• EXERCISE DIRECTIONS: On how many lines of the records below does the string "Summer" appear? Reply with only the number.
==== EXERCISE INPUTS
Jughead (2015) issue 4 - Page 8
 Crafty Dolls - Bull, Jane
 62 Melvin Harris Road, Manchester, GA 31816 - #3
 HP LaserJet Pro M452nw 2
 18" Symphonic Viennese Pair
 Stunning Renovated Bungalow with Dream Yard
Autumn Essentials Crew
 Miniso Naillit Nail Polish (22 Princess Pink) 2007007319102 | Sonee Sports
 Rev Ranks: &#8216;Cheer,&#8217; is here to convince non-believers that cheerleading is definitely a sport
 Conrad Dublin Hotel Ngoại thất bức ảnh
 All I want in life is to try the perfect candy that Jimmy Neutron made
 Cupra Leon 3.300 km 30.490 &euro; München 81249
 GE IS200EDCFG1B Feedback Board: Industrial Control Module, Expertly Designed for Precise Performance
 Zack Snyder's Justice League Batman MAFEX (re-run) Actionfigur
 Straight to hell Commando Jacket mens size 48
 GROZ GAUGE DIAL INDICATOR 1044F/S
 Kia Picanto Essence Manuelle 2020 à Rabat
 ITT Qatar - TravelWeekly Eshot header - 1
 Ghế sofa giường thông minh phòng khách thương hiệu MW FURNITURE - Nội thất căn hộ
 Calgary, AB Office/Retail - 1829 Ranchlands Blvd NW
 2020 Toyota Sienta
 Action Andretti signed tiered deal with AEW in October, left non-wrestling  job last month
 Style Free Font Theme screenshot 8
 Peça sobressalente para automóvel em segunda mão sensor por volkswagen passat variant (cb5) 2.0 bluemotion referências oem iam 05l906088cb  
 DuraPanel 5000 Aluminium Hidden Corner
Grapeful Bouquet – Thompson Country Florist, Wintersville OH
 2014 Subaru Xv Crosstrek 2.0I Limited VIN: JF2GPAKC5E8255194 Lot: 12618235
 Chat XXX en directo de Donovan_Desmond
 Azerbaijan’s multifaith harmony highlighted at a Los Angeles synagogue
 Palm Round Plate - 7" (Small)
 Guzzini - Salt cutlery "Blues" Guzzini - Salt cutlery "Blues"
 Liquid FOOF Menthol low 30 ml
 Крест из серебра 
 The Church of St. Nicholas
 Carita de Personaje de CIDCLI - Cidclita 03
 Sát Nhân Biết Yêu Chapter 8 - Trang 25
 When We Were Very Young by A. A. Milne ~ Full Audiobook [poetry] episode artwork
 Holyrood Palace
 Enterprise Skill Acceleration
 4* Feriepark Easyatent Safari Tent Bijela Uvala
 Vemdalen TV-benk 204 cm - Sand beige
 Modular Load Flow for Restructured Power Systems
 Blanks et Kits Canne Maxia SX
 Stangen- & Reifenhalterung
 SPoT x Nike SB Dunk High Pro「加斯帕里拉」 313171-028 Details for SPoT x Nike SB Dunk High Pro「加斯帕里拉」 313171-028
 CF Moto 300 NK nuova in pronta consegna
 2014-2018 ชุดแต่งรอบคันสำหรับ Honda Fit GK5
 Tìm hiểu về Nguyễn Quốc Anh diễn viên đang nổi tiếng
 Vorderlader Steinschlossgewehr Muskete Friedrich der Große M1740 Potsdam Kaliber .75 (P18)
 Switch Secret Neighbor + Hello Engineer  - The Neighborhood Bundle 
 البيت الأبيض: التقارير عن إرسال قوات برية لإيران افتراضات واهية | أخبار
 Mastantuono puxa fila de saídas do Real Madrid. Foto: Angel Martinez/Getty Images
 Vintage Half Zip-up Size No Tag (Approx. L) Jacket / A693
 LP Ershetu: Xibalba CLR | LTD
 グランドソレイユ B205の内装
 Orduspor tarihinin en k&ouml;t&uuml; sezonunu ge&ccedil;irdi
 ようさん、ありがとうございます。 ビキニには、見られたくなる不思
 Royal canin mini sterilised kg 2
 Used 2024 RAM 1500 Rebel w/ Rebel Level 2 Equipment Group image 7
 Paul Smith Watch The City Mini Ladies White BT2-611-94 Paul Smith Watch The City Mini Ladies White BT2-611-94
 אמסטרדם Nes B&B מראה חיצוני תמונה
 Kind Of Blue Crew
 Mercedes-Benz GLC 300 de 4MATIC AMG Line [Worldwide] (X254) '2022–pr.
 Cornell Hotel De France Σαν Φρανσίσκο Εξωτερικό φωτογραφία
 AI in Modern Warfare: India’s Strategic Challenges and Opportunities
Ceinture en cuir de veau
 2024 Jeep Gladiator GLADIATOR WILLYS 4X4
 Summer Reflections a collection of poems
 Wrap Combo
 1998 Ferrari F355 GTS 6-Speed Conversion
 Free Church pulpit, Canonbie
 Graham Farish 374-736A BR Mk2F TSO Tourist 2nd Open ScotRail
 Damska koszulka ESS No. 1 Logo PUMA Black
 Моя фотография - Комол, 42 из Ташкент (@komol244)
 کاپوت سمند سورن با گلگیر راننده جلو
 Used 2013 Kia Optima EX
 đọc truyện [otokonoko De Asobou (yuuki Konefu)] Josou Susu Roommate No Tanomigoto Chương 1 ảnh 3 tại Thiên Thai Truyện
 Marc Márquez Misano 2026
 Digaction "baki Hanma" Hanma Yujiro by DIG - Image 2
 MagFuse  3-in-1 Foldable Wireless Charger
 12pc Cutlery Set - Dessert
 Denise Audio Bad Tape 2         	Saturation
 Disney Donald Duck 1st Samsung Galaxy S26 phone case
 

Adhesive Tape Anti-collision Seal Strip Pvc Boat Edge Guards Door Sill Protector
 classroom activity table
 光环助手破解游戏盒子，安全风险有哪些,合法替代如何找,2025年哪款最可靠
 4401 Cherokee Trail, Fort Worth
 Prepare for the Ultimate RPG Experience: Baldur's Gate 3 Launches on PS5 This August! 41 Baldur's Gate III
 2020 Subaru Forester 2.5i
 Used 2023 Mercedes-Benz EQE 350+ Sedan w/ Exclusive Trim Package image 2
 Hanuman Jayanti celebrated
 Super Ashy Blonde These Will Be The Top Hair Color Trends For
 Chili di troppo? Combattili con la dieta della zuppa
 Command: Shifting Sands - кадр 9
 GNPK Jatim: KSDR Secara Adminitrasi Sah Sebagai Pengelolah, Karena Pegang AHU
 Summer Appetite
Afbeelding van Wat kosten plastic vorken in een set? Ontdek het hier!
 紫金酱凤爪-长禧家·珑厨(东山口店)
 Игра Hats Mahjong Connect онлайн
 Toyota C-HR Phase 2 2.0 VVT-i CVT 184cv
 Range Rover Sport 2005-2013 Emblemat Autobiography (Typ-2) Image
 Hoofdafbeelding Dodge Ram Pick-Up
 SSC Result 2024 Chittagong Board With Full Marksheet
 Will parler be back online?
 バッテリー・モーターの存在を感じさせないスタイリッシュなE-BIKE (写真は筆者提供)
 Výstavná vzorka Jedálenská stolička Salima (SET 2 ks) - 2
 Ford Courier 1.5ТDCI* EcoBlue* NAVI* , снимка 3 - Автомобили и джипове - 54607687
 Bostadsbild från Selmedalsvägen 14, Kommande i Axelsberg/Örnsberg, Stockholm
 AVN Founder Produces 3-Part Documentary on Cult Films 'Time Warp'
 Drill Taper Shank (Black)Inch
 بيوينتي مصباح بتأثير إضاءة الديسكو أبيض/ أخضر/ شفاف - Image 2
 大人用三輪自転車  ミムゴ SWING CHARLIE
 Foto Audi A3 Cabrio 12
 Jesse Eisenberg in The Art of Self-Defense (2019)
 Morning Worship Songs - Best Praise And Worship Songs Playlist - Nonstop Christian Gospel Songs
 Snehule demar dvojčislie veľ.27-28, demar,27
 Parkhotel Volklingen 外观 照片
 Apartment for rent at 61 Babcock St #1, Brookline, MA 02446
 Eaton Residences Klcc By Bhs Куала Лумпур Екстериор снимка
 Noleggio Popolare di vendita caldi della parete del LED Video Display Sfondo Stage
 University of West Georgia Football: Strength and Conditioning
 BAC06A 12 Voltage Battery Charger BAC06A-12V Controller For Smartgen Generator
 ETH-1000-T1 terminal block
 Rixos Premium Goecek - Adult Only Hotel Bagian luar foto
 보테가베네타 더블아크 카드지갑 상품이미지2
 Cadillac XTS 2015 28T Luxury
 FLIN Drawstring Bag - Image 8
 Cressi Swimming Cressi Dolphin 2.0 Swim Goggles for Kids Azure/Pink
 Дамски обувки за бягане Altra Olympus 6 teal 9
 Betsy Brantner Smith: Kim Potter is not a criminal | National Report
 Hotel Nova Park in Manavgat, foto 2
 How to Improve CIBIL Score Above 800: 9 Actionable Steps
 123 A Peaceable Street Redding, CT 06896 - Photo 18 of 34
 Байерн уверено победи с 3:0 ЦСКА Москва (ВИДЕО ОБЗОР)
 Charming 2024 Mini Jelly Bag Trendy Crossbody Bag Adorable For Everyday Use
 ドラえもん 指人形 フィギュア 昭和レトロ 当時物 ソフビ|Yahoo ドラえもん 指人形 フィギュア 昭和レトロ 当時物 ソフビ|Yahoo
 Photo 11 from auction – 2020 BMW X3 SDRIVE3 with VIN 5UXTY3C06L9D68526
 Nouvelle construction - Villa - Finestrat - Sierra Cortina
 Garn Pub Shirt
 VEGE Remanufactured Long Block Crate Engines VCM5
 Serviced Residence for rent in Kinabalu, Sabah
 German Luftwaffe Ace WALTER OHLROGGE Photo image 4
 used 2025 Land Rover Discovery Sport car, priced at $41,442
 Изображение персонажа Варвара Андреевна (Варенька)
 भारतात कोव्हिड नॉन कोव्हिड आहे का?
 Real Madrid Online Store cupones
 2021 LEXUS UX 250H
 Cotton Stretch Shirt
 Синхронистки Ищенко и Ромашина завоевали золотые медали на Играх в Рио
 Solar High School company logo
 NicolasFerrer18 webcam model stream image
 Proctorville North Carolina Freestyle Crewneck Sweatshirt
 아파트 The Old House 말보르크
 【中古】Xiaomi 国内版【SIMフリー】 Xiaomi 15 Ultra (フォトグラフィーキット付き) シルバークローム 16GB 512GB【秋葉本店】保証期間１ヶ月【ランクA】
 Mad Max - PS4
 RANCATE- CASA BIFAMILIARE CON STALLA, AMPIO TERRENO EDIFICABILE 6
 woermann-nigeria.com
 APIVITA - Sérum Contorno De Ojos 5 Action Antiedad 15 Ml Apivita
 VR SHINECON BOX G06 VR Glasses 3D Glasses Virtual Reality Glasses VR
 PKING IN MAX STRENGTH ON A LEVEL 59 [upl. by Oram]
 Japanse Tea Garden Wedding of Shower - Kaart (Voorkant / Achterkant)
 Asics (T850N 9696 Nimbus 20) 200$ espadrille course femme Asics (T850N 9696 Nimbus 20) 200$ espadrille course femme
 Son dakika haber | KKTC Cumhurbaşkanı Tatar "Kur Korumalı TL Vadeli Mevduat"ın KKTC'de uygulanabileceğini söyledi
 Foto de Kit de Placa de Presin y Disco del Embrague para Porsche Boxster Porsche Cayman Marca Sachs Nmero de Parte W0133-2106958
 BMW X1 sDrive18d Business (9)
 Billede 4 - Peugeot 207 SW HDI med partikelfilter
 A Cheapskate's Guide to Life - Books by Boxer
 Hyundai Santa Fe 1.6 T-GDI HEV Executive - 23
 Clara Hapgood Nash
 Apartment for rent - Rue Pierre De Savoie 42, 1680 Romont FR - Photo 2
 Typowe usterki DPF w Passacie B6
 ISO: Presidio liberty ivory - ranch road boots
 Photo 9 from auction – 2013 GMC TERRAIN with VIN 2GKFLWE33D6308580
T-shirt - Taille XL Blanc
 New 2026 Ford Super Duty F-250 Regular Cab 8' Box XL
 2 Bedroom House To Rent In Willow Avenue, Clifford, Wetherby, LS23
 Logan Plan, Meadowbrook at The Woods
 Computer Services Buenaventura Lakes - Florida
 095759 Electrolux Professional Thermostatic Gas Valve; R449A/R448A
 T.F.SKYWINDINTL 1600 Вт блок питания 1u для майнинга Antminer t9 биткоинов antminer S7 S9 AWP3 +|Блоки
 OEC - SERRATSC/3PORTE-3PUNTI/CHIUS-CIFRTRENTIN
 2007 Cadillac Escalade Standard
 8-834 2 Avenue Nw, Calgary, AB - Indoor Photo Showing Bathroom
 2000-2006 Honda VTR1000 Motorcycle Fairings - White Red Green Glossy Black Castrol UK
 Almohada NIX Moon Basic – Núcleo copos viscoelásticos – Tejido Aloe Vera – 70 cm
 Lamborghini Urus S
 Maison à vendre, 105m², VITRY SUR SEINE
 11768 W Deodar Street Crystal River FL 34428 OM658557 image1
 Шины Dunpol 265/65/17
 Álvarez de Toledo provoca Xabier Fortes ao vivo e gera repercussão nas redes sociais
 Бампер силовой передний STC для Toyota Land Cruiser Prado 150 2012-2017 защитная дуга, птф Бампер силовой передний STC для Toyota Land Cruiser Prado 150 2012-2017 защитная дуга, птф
========
• RESULT FOR THIS TASK: 2